**What you are asked to do:** Please produce an exact copy of only the lines from the one with "Coelhos anões minitoy" through the last one of the material, without pictures.

**Exercise data:**

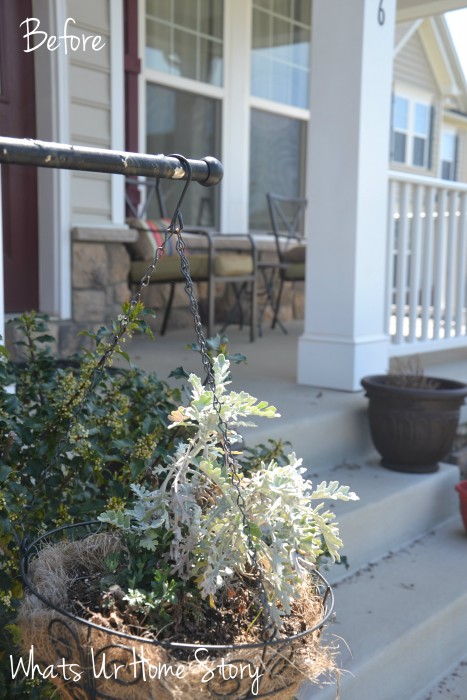 Spring Spruce Up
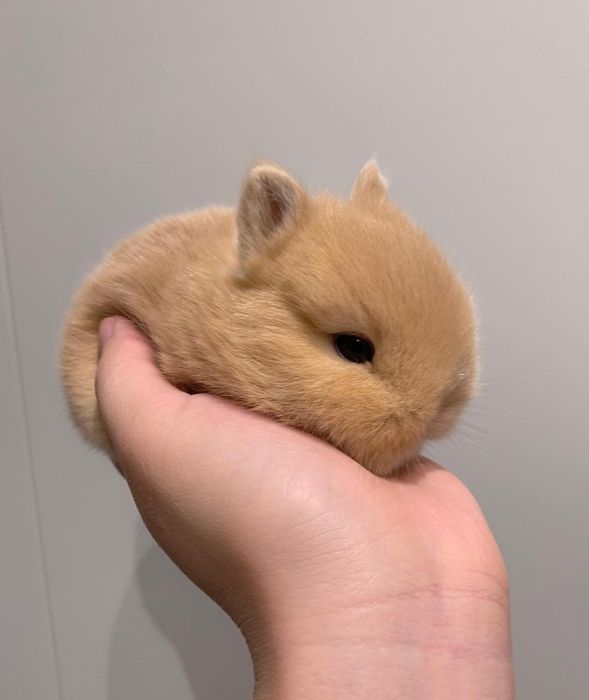 Coelhos anões minitoy e mini holandês, coelhinhos muito dóceis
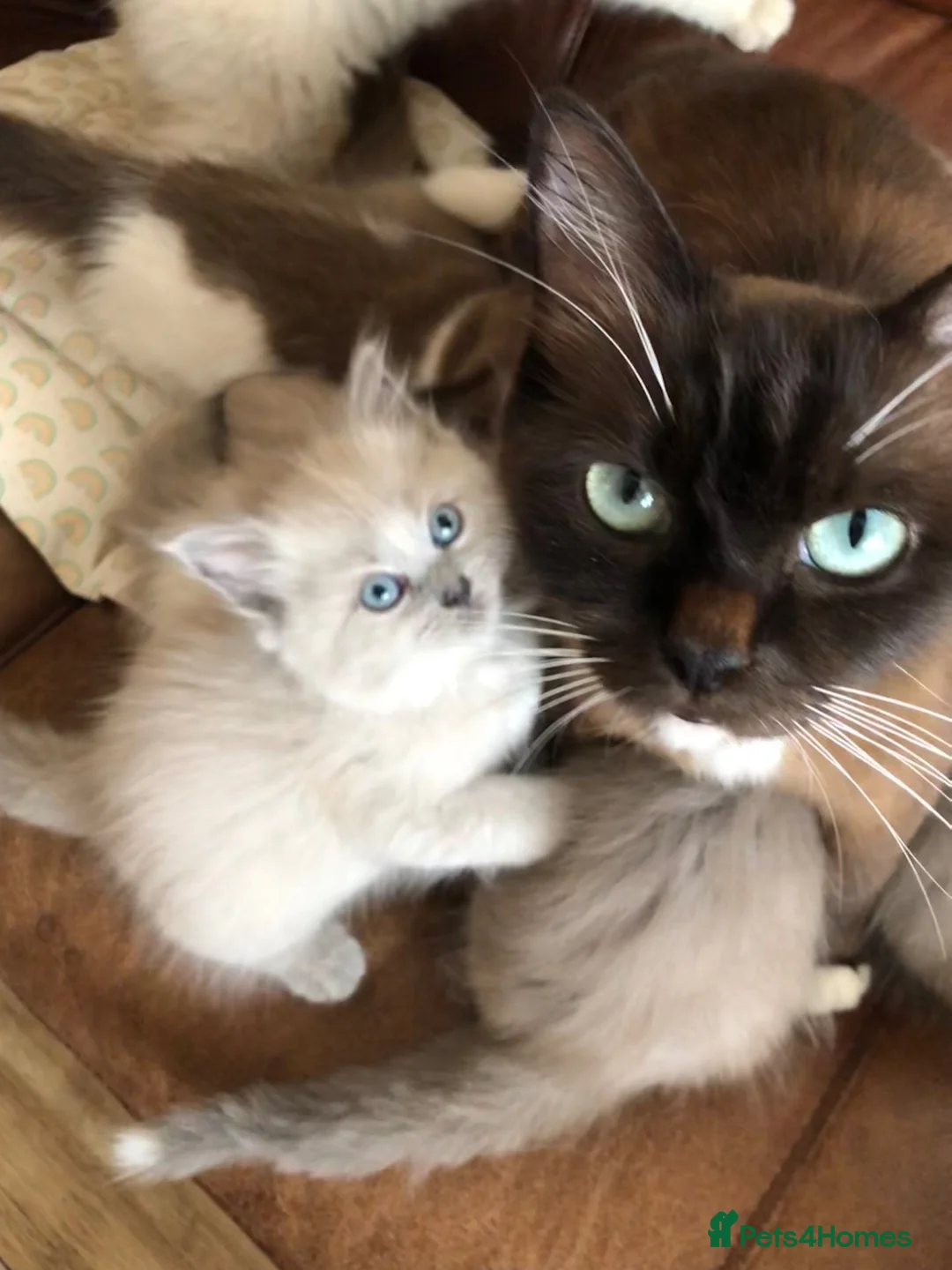 Ragdoll cats for sale: Lilac mink mitted Ragdoll - Advert 2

**Exercise result:**
 Coelhos anões minitoy e mini holandês, coelhinhos muito dóceis
 Ragdoll cats for sale: Lilac mink mitted Ragdoll - Advert 2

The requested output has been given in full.